Friday, September 9, 2011
9/11, Ten Years Later
When I was little, my parent's friends' big social/political question was, 'what were you doing when JFK was shot?' I got a bit older and it became, 'Did you know anyone who was there for the Kent State shootings?' Today the big topic is, 'What were you doing when the towers fell?'
. I was at home in Medina, Ohio getting ready for work when they were hit. I would turn The Today Show on at 8 a.m. as I ran around the condo, showering, grabbing sips of coffee and getting ready to drive up to Brunswick and my job as the bar manager at Johnny's, a nice family-style restaurant that catered to the more careerist residents of the town, as opposed to the farmer hilljack assholes that seemed to produce 75% of the offspring up there. Your average people populated the place, cops, teachers, computer programmers and alkie real estate agents. The cream of the Brunswick crop.
As soon as I saw the footage of the first plane hit the North tower, I called my brother who is an architect. He said that the structure would survive as long as none of the support beams were hit, clearly harking back to the first bombing attack which happened in the 90s when I was still living in New York. That was when terrorists placed a bomb in the parking garage but miscalculated on where to put it. Thank God for stupid terrorists! Too bad they weren't as bad the second time around.
Then the second tower was hit as I watched live on TV. I called my Dad. First words out of his mouth were, 'terrorists.' I was aghast. Terrorists weren't on my radar then. It had been almost a decade since the first attack, clearly we had learned something from that. Why would anyone do this? We Americans were happy then. We were flush. Life was good. War was the last thing on anyone's mind. This was the beginning of the end of that blind happiness. This was the beginning of a lot of scary shit. Things I thought I would never see, because we all move forward and do better than our ancestors, right? Did I really believe this? That younger generations improve upon the past? Such is the short sighted stupidity of the young.
Odd off-topic fact. My father died on 9/11 three years later. That was a weird day too.
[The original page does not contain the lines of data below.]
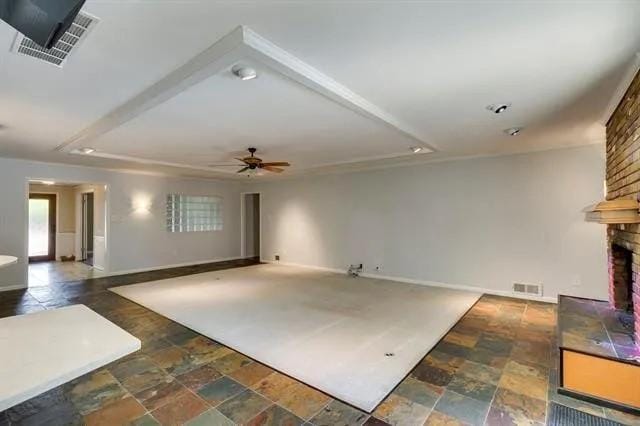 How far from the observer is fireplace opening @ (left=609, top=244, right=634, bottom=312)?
11.6 ft

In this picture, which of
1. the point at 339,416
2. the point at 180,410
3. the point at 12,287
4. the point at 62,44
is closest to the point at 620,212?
the point at 339,416

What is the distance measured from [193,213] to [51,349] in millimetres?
7646

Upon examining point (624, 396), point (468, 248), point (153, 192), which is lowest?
point (624, 396)

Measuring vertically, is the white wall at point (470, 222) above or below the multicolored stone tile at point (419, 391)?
above

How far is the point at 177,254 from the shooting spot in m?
8.15

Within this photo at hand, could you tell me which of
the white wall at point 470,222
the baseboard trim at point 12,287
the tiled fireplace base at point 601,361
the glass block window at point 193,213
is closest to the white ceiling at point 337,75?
the white wall at point 470,222

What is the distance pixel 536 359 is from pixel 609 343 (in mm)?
577

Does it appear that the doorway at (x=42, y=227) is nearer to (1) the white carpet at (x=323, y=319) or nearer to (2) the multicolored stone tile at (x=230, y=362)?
(1) the white carpet at (x=323, y=319)

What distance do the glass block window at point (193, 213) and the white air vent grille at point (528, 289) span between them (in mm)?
7328

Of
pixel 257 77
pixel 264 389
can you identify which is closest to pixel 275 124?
pixel 257 77

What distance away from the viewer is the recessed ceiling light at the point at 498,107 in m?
3.07

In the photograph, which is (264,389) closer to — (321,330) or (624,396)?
(321,330)

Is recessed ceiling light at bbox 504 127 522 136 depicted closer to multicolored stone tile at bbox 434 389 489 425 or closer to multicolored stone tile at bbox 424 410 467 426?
multicolored stone tile at bbox 434 389 489 425

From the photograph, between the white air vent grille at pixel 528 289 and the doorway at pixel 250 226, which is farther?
the doorway at pixel 250 226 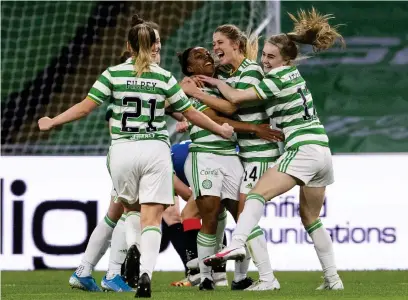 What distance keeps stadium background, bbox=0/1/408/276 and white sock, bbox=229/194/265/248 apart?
3346 mm

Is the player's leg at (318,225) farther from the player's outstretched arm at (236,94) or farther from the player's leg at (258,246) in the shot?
the player's outstretched arm at (236,94)

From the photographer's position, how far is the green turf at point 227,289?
21.9 feet

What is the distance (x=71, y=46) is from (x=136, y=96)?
8730 mm

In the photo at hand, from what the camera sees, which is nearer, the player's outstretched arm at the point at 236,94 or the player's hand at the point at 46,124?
the player's hand at the point at 46,124

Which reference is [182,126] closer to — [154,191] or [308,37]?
[308,37]

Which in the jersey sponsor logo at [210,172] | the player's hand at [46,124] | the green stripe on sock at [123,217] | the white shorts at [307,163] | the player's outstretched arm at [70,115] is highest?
the player's outstretched arm at [70,115]

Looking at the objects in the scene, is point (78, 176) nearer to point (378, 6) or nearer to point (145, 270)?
point (145, 270)

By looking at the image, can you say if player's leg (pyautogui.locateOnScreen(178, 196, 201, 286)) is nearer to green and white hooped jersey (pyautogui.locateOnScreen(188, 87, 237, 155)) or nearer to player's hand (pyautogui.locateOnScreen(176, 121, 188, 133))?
player's hand (pyautogui.locateOnScreen(176, 121, 188, 133))

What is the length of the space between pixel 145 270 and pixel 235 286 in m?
1.31

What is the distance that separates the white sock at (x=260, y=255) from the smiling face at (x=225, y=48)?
1212mm

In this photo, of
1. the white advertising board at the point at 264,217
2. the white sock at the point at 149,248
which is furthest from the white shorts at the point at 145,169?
the white advertising board at the point at 264,217

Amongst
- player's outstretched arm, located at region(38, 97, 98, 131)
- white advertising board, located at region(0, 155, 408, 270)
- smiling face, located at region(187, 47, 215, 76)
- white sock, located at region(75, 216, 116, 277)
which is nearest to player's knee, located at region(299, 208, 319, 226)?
smiling face, located at region(187, 47, 215, 76)

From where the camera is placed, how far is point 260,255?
7242mm

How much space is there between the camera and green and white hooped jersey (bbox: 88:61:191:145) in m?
6.60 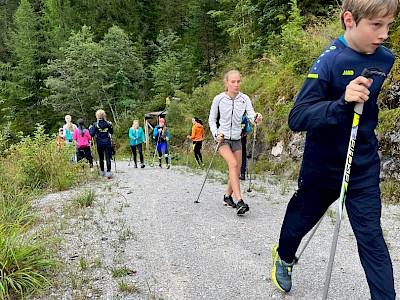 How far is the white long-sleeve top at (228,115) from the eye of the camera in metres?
6.23

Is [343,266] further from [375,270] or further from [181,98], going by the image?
[181,98]

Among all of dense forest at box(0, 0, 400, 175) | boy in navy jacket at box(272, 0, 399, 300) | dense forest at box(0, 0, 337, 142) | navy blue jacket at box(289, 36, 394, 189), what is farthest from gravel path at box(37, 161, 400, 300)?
dense forest at box(0, 0, 337, 142)

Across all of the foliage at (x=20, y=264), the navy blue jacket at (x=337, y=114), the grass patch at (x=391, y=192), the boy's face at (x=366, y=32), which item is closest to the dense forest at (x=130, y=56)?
the grass patch at (x=391, y=192)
Story for another time.
At work, I was readying the restaurant for the 11 a.m. opening, rushing around, cell phone attached to my ear, trying to contact my friends in New York. Zero luck, total freak out. In my mind, there was a reason I couldn't reach them, and it was a bad one. I didn't know that everyone across the country was having problems, not until I got home at 6.
Later, after I found out that my friends were safe, I found out that one went through a particularly harrowing experience at Ground Zero. He was working in a building right off The World Trade Center's plaza. He and his co-workers were told not to evacuate, it was too dangerous with all the debris, fuselage and human. After dealing with the agonizing sight and sound of those that jumped to their deaths, he and his co-workers got the hell out of there. The towers fell shortly thereafter. He arrived home covered in dust. I cannot even imagine the nightmares he must have. It makes me tear up to this day.
I can't claim much trauma beyond what any American felt that day. Sure, I lived in New York for almost a decade. Sure, I would meet my brother for lunch by the bronze globe in the World Trade Plaza when he worked a few blocks away and we would glance up and talk about how cool it was that we lived in such an amazing place.
Sure, I was freaked out when I woke up Wednesday, September 12th, and walked out to get the paper in the cool dawn, stepping on the concrete driveway in the slowly warming quiet. I looked up and there were no planes in that clear, sill dark star freckled sky. It was eerie, it was like a bad horror movie from the 50s. It wasn't entirely real, even as it was all TOO real, and it was bad for all of us, whether we had been to New York or not. I can't even imagine how bad it was for those that lost someone in those towers, in The Pentagon, or in that field in Pennsylvania. My heart goes out to them. My heart also bleeds for those that in the military that died in the wars that followed, not out of some bandwagon jumping SUPPORT OUR TROOPS bullshit, but because it is all so completely and utterly STUPID, and religion and jingoism and the military-industrial greed machine are at the heart of it. It needs to end, and I wish we were a little more advanced so that we could see it, at least in my lifetime.